L’approche du modèle de la Terre de Hutton, que Lyell a adopté, a été vivement critiquée par les géologues en raison de son opposition à l’utilisation des causes modernes. Cette critique a conduit à ce que cette approche soit plus tard appelée « uniformitarisme », et non pas la méthode des causes modernes. Lyell en est devenu l’unique défenseur parmi les géologues.

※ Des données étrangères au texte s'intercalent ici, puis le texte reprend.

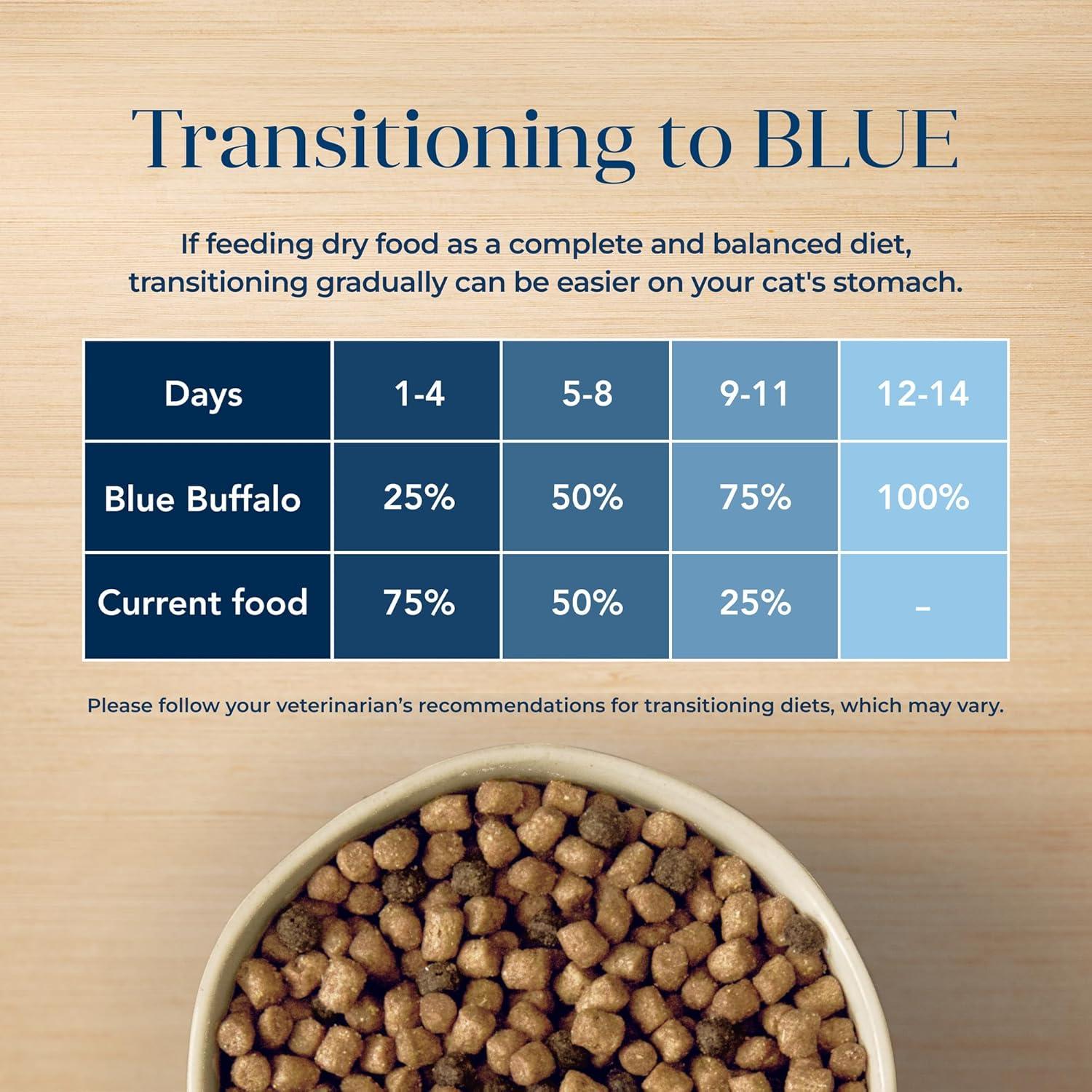 imageBlue Buffalo Basics GrainFree Dry Cat Food Skin amp Stomach Care Limited Ingredient Diet for Indoor Cats Turkey amp Potato Recipe 11lb BagFish Potato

Plus important encore, d’autres géologues ont mis en évidence des preuves croissantes dans les archives fossiles indiquant une direction claire dans l’histoire de la vie sur Terre. La preuve la plus frappante était l’apparition successive des vertébrés : d’abord les poissons, puis les reptiles, les mammifères, et enfin les humains.

Bien que Lyell ait été au courant de ces observations, il a dû expliquer ces changements dans les archives fossiles par une irrégularité qui n’était pas particulièrement convaincante. Il a lié la structure cyclique des phases physiques de la Terre à des événements similaires dans l’histoire de la vie. En conséquence, les géologues ont vu que la méthode de théorisation de Lyell s’éloignait de plus en plus de la fiabilité scientifique.

Charles Lyell a grandement contribué à la création d’une synthèse fructueuse entre le modèle historique de la géologie, représenté par Buckland et James Hutton, et le modèle plus physique de la Terre. Cela a permis de révéler que l’histoire de la Terre, tout comme celle de l’humanité, est marquée par l’incertitude et l’imprévisibilité. Cependant, ces événements pouvaient aussi être attribués à des processus géologiques intemporels, régis par des lois immuables de la nature.

L’élève de Lyell, Charles Darwin, a efficacement transféré cette synthèse dans le domaine de la biologie. Mais le succès de Charles Lyell mérite d’être reconnu indépendamment, car ses méthodes de raisonnement sur la Terre constituent encore les bases de la géologie moderne.